PROMPT: Transcribe the data exactly, omitting whatever pictures it holds.

SUPPLIED RECORDS:
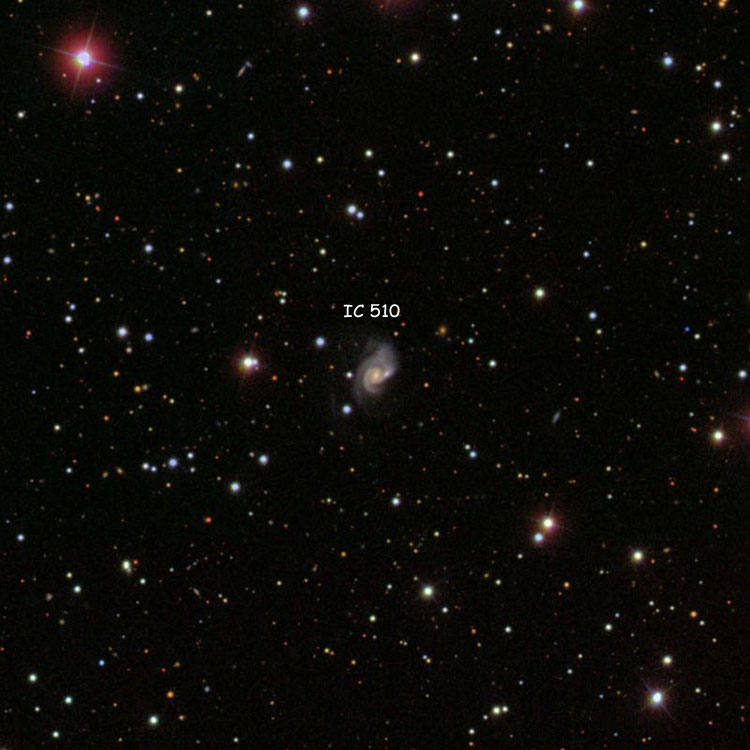 SDSS image of region near spiral galaxy IC 510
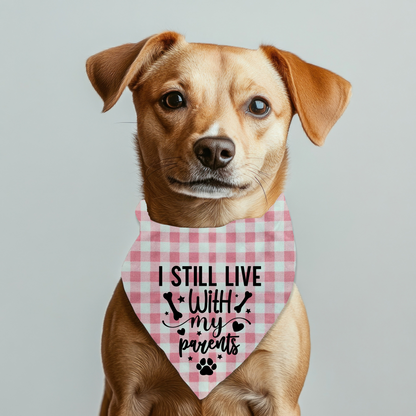 I Still live with my parents pet bandana on plaid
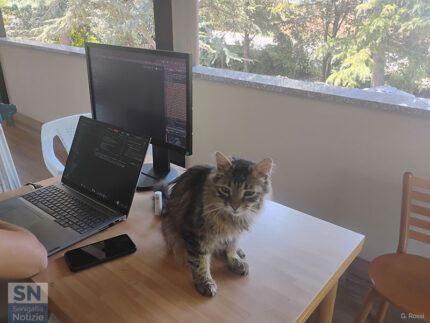 Lavorare in smart working - Foto Giancarlo Rossi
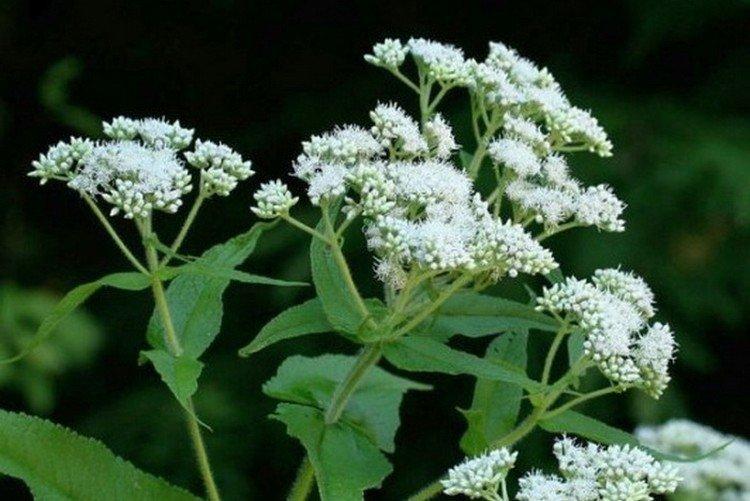 Clocher à feuilles percées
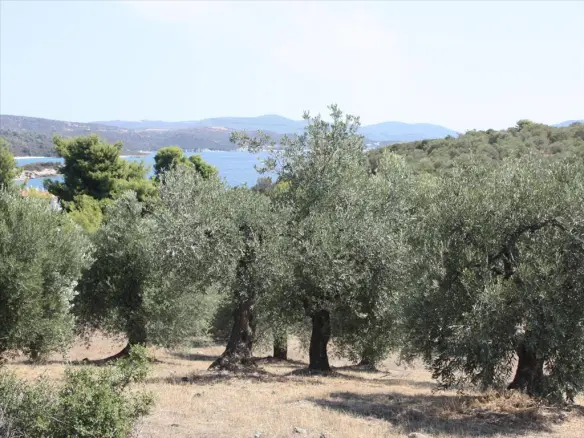 Land In Sithonia, Greece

RESPONSE TO THE EXERCISE:
 SDSS image of region near spiral galaxy IC 510
 I Still live with my parents pet bandana on plaid
 Lavorare in smart working - Foto Giancarlo Rossi
 Clocher à feuilles percées
 Land In Sithonia, Greece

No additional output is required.